> _TASK TO CARRY OUT_
Nothing but the text of the records belongs in your answer: repeat all of it exactly and leave out the images.

> _STUDY MATERIAL_

+-------+

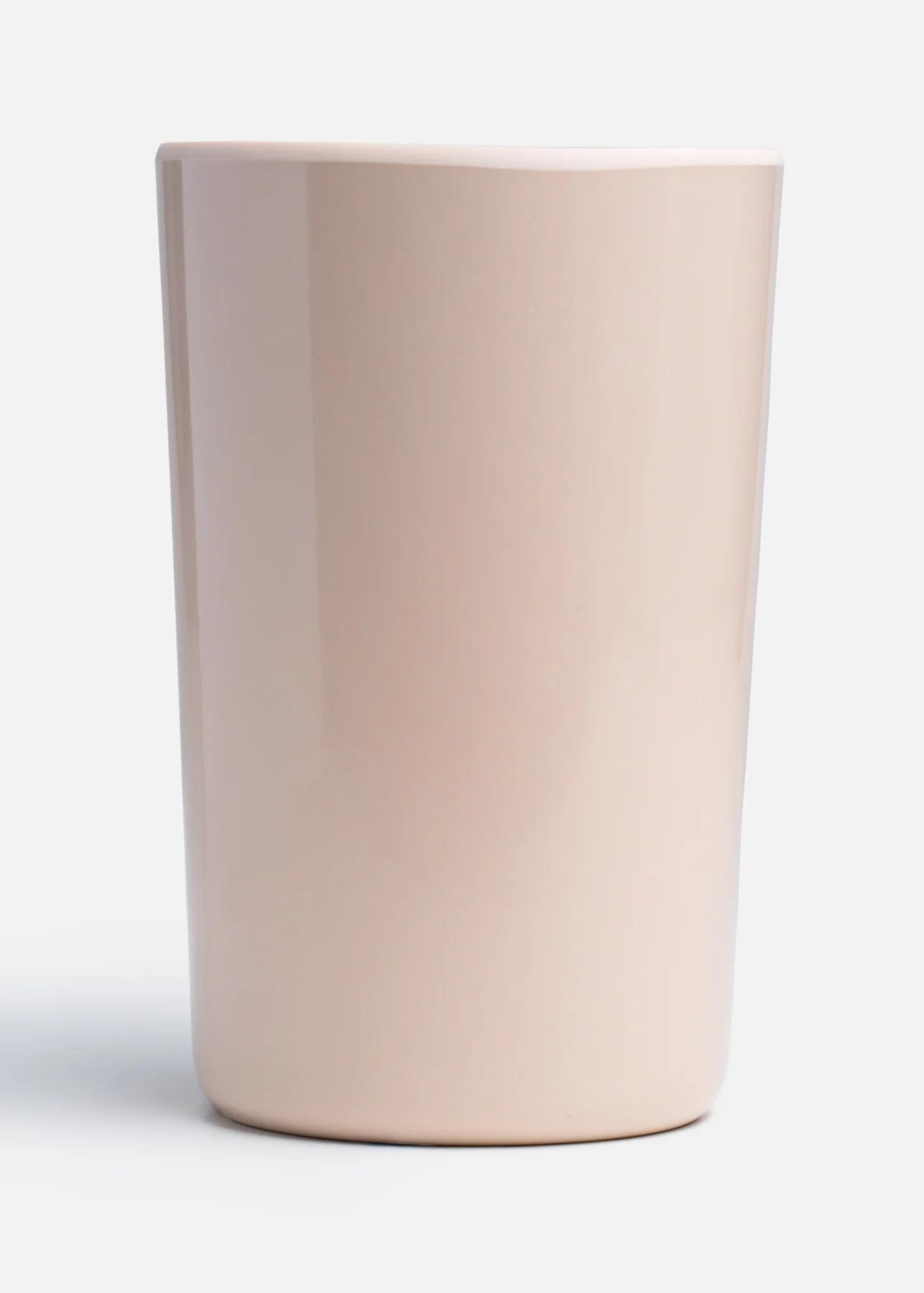 Vasos de melamina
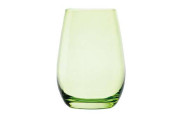 Склянка Stoelzle Elements Green 465 мл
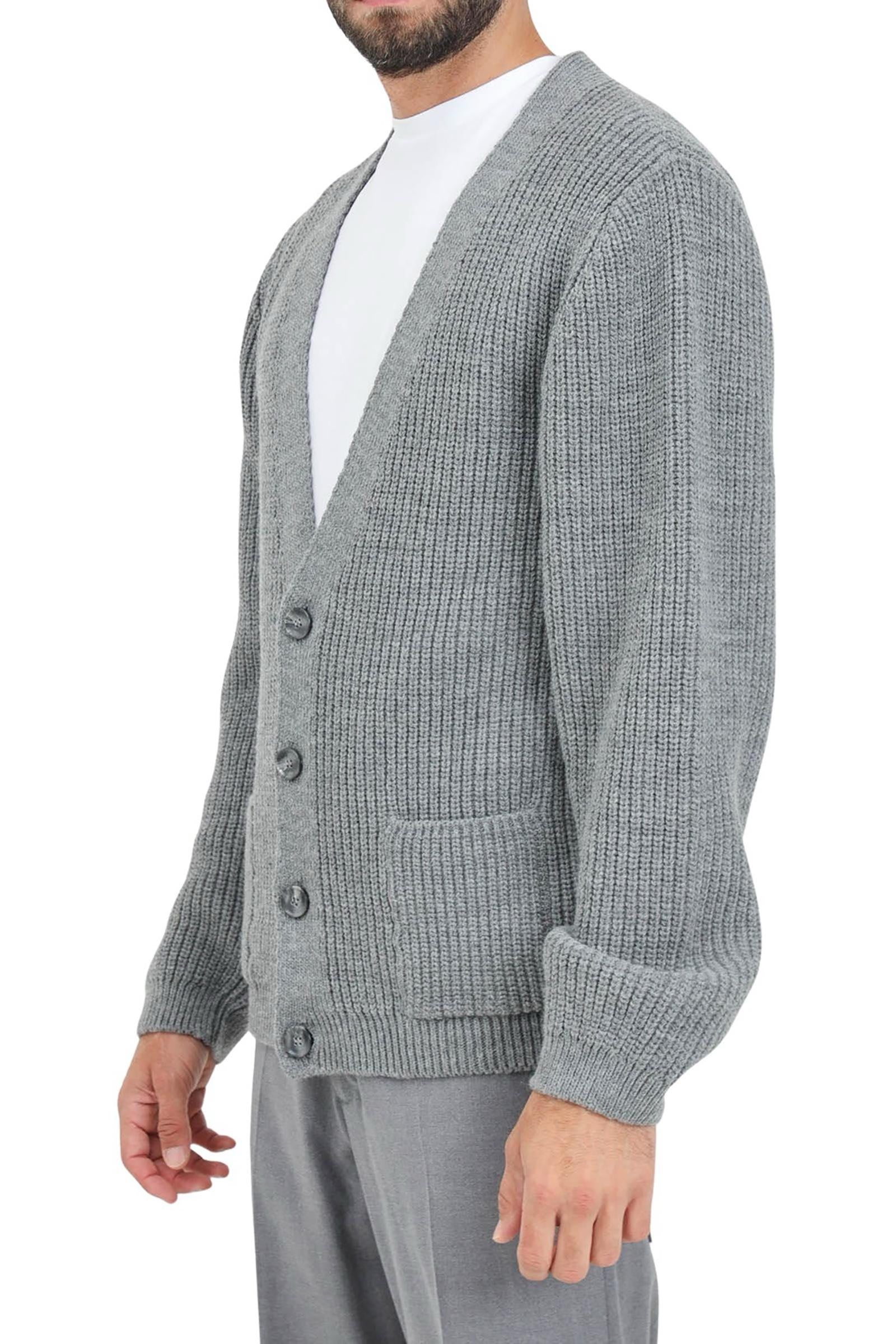 I M BRIAN - KNITWEAR AND SWEATSHIRTS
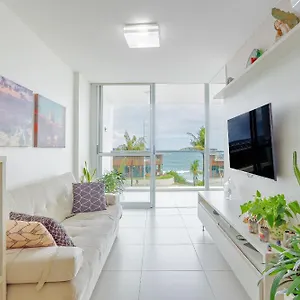 Br11 1 Suite, Pe Na Areia, Edificio Expresso 2222 - Barra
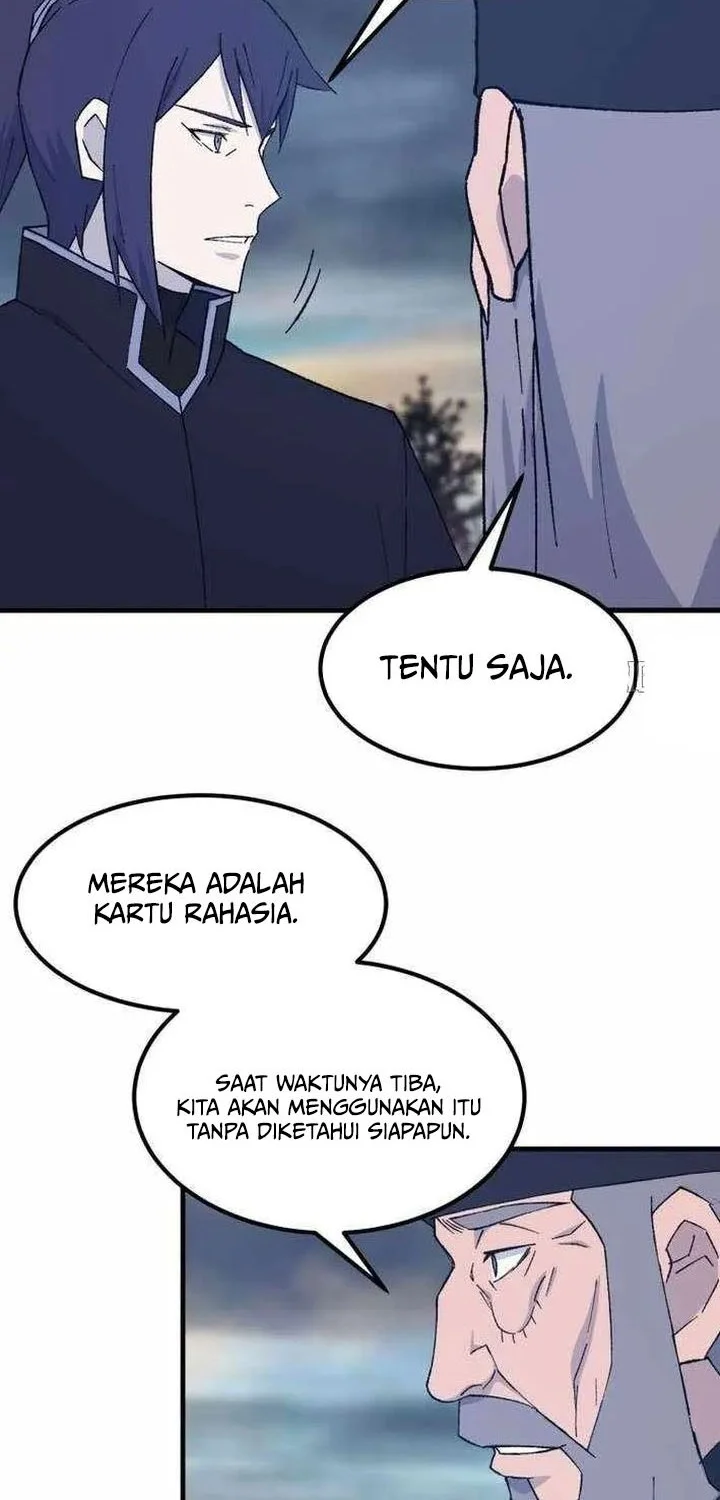 The Great Master Chapter 131 - halaman 36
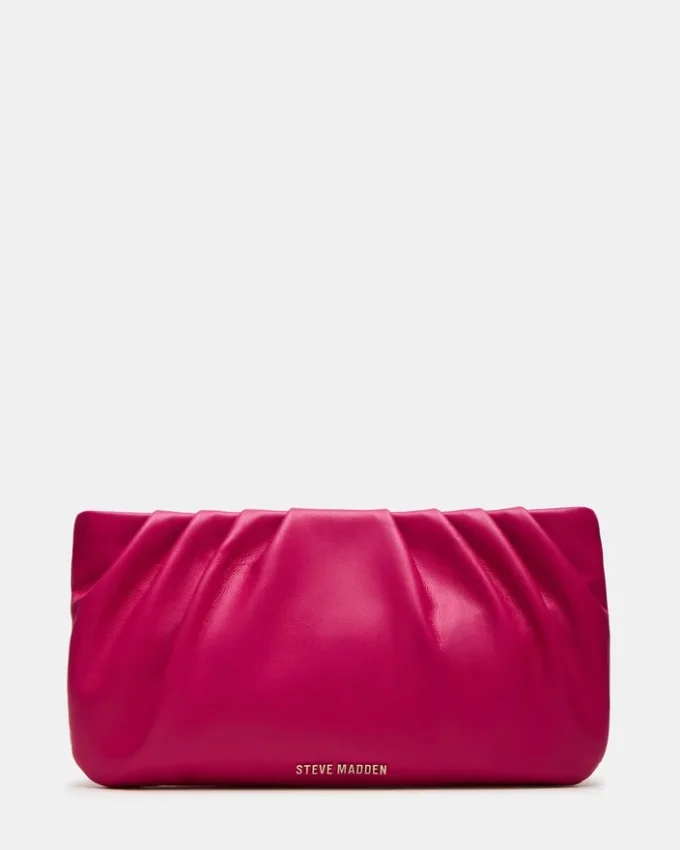Nika-taske i fuchsia Nika-taske i fuchsia
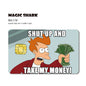 SKIN Fry Futurama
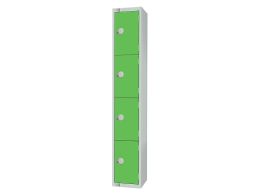Corridor Lockers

+-------+

> _SOLUTION TO THE EXERCISE_
 Vasos de melamina
 Склянка Stoelzle Elements Green 465 мл
 I M BRIAN - KNITWEAR AND SWEATSHIRTS
 Br11 1 Suite, Pe Na Areia, Edificio Expresso 2222 - Barra
 The Great Master Chapter 131 - halaman 36
Nika-taske i fuchsia Nika-taske i fuchsia
 SKIN Fry Futurama
Corridor Lockers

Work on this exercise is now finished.